Looking ahead to 2013, directors, executives and general counsel of public companies can take some solace from the fact that 2012 was not a year in which a large number of significant new disclosure rules or governance requirements were adopted by the U.S. Securities and Exchange Commission (SEC) or the stock exchanges as had regularly been the case in the prior 10 years. Aside from the impact of relaxed securities regulation under the Jumpstart Our Business Startups Act of 2012 (the JOBS Act) applicable to “emerging growth companies,” 2012 has seen the least amount of new disclosure and governance regulation applicable to U.S. public companies since the passage of the Sarbanes-Oxley Act of 2002 launched a decade of steadily increasing regulation of public companies.

Nonetheless, there remains a significant amount of regulation under the Dodd-Frank Wall Street Reform and Consumer Protection Act of 2010 that is yet to be implemented by many public companies, including compliance processes and disclosures under adopted rules regarding compensation consultants and advisers, conflict minerals and financial swaps.
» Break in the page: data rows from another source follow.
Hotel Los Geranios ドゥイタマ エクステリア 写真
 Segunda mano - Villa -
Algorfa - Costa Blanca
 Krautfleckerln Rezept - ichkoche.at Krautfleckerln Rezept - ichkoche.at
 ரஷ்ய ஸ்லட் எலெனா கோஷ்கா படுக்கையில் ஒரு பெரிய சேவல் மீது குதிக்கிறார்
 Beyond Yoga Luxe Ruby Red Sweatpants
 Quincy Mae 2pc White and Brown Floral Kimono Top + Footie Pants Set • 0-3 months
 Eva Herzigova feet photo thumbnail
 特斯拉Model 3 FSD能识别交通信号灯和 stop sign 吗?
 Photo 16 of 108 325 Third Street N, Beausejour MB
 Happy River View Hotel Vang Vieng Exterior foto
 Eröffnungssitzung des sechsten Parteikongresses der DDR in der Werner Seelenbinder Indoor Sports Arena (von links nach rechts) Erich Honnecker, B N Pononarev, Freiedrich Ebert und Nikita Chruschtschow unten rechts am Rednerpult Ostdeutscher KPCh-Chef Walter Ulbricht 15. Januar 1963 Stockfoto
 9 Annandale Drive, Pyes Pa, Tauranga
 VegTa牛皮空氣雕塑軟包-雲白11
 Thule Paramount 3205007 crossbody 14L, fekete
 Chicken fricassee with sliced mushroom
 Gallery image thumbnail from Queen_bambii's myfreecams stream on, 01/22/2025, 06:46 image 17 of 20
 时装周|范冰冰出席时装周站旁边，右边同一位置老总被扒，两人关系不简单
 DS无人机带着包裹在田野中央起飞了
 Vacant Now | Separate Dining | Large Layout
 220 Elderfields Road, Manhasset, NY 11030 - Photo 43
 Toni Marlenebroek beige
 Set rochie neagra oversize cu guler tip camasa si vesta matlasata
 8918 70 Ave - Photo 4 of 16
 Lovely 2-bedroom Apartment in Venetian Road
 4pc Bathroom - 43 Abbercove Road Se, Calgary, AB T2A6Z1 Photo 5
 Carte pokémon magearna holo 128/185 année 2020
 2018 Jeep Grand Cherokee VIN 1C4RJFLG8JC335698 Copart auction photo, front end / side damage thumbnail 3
There are also yetto- be-proposed rules that have no deadlines for adoption in Dodd-Frank concerning compensation clawbacks for erroneously awarded compensation (Dodd-Frank Section 954), hedging of company stock by directors and officers (Dodd-Frank Section 955), and additional compensation disclosure regarding pay-for-performance and pay ratios (Dodd-Frank Section 952), which are expected to be at least proposed in 2013. Some of these rules, even those already adopted by the SEC as in the case of conflicts minerals disclosure, pose new challenges to securities and governance counsel and other compliance officials, requiring additional knowledge and skills.